Contributor

Dr. Ruth Westheimer

Sex therapist and author

Dr. Ruth Westheimer may best be known for having pioneered talking explicitly about sex on radio and television, but as it turns out, that is only a small part of her rich and diversified life. Born in Germany in 1928, Dr. Westheimer went to Switzerland at the age of ten to escape the Holocaust, which wiped out her entire immediate family. At the age of sixteen she went to then Palestine. She joined the Haganah, the Israeli freedom fighters, and was trained to be a sniper and was seriously wounded in a bomb blast. She later moved to Paris to study at the Sorbonne and in 1956 went to the U.S. where she obtained her Masters Degree in Sociology from the Graduate Faculty of the New School of Social Research and Doctorate of Education (Ed.D.) in the Interdisciplinary Study of the Family from Columbia University Teacher's College.

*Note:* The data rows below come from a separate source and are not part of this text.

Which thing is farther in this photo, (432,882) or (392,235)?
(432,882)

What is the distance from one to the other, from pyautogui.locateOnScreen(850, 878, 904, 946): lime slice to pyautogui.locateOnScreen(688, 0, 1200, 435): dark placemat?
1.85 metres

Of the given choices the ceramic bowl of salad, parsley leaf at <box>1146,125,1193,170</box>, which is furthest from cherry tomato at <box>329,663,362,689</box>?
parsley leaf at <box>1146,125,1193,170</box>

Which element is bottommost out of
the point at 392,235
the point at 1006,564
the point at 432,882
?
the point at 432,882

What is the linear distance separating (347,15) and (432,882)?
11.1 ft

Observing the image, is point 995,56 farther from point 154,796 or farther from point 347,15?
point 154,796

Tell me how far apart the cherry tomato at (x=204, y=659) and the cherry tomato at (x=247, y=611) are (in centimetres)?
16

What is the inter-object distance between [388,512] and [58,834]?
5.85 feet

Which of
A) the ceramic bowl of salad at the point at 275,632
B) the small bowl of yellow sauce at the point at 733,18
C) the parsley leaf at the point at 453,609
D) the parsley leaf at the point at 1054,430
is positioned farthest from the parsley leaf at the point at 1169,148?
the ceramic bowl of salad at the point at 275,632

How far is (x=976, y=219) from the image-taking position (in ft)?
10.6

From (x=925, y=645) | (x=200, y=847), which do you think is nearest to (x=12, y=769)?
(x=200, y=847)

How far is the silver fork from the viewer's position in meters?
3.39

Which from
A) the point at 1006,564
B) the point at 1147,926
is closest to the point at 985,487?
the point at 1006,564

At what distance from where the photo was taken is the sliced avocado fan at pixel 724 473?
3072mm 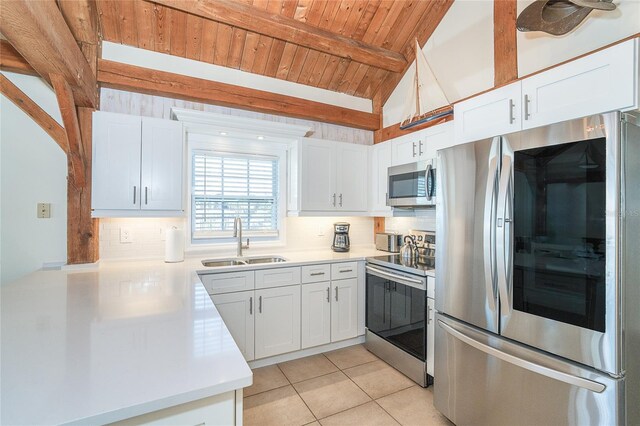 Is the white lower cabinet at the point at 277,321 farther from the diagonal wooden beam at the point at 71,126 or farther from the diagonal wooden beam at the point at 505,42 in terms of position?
the diagonal wooden beam at the point at 505,42

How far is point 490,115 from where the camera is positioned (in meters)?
2.03

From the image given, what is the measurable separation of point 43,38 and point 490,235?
99.3 inches

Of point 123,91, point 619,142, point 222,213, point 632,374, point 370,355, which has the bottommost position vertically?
point 370,355

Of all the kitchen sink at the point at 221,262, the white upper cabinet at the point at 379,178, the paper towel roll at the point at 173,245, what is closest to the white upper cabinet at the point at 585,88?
the white upper cabinet at the point at 379,178

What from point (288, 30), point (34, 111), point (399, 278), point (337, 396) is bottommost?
point (337, 396)

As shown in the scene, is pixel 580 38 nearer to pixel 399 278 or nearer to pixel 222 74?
pixel 399 278

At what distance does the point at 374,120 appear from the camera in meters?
3.88

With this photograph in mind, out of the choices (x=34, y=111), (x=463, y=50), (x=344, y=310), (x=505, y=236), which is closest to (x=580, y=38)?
(x=463, y=50)

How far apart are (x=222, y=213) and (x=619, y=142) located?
3.05 meters

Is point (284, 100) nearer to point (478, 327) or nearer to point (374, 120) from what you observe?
point (374, 120)

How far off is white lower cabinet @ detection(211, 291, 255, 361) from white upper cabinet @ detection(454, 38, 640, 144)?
7.25 feet

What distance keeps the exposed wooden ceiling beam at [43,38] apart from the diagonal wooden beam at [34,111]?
0.31 m

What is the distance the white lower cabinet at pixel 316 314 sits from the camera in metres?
2.93

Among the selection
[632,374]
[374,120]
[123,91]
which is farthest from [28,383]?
[374,120]
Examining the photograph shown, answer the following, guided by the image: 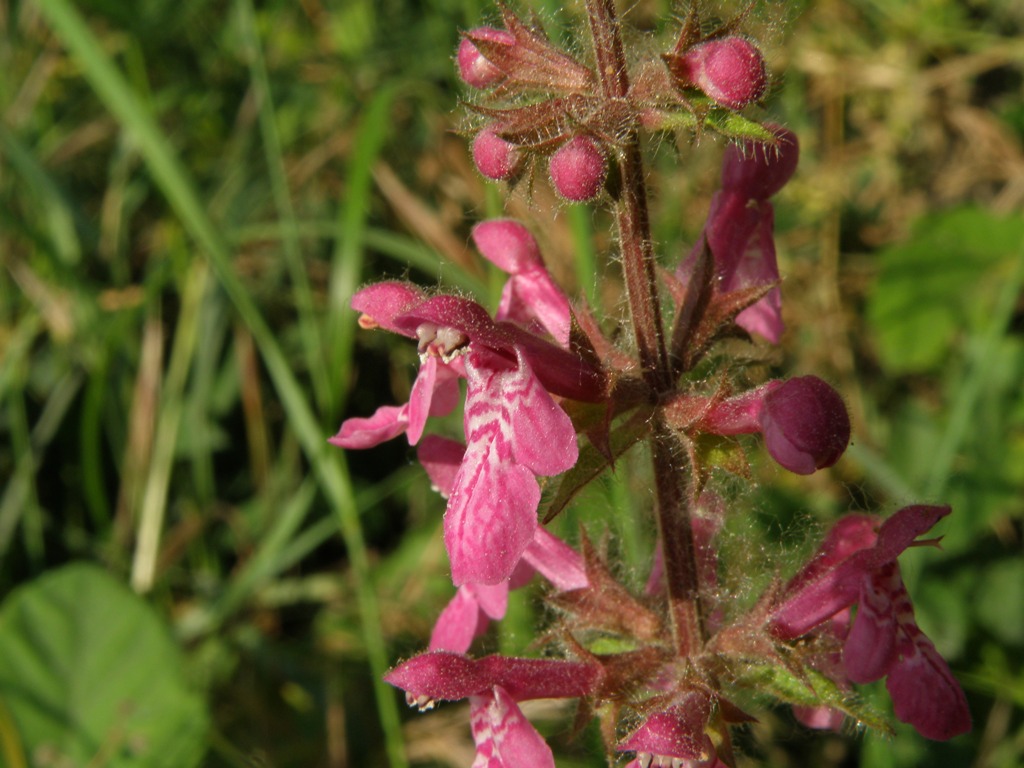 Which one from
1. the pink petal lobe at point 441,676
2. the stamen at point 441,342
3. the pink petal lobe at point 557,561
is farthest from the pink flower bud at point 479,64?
the pink petal lobe at point 441,676

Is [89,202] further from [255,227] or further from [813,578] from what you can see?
[813,578]

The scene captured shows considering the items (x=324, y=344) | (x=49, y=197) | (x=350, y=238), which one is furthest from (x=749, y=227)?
(x=49, y=197)

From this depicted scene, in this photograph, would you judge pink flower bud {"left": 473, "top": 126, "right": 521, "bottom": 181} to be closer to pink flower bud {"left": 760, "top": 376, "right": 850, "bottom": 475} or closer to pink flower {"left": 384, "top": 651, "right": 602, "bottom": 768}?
pink flower bud {"left": 760, "top": 376, "right": 850, "bottom": 475}

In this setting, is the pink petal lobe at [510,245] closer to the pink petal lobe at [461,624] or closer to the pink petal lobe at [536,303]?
the pink petal lobe at [536,303]

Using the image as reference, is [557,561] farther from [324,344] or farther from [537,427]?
[324,344]

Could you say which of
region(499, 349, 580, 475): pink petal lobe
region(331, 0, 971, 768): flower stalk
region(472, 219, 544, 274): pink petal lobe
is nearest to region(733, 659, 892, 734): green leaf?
region(331, 0, 971, 768): flower stalk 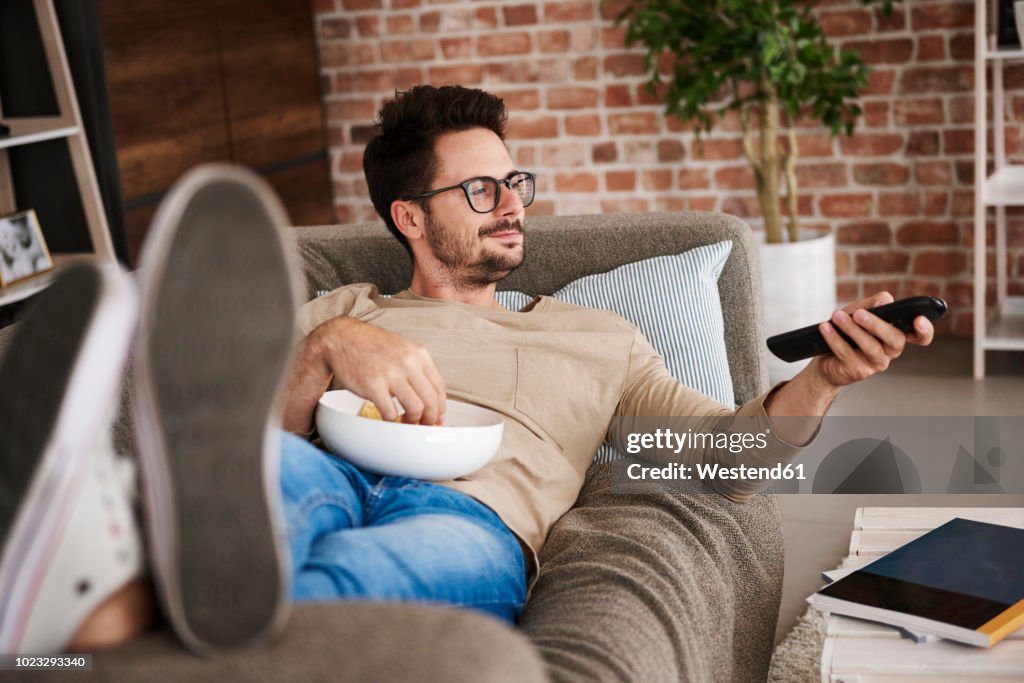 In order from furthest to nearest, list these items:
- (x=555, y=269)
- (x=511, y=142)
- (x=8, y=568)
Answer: (x=511, y=142) → (x=555, y=269) → (x=8, y=568)

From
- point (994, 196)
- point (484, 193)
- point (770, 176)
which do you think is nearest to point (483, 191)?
point (484, 193)

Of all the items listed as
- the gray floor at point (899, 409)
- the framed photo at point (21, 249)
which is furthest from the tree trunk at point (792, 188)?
the framed photo at point (21, 249)

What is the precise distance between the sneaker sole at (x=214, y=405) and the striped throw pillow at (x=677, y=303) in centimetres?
116

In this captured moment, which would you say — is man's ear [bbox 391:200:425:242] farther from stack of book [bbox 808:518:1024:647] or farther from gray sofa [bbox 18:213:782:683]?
stack of book [bbox 808:518:1024:647]

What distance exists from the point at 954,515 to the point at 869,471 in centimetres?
37

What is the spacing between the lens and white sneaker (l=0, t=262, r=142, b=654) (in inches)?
27.2

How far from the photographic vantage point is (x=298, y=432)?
153 centimetres

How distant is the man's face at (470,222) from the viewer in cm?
180

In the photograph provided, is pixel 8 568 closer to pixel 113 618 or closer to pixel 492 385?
pixel 113 618

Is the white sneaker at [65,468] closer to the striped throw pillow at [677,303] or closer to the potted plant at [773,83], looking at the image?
the striped throw pillow at [677,303]

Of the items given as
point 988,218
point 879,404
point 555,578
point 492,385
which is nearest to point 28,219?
point 492,385

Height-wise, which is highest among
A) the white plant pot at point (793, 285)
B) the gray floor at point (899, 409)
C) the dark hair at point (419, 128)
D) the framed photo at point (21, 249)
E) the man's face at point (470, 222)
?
the dark hair at point (419, 128)

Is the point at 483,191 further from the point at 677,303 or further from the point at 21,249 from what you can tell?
the point at 21,249

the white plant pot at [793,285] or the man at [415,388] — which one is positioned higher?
the man at [415,388] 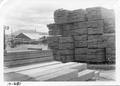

Her work for Planned Parenthood led her to study human sexuality under Dr. Helen Singer Kaplan at New York Hospital-Cornell University Medical Center, where she became an Adjunct Associate Professor. She is currently an Adjunct Professor at N.Y.U., and a fellow of both Calhoun College at Yale and Butler College at Princeton as well as a fellow of the New York Academy of Medicine. She is currently teaching at both Yale and Princeton. She is currently serving as the Honorary President of the Council on Sexuality and Aging at the National Sexuality Resource Center. She has her own private practice in New York and lectures worldwide.

She is the author of 35 books, the executive producer of four documentaries and has her own web page (www.drruth.com.) Dr. Westheimer has two children, four grandchildren and resides in New York City.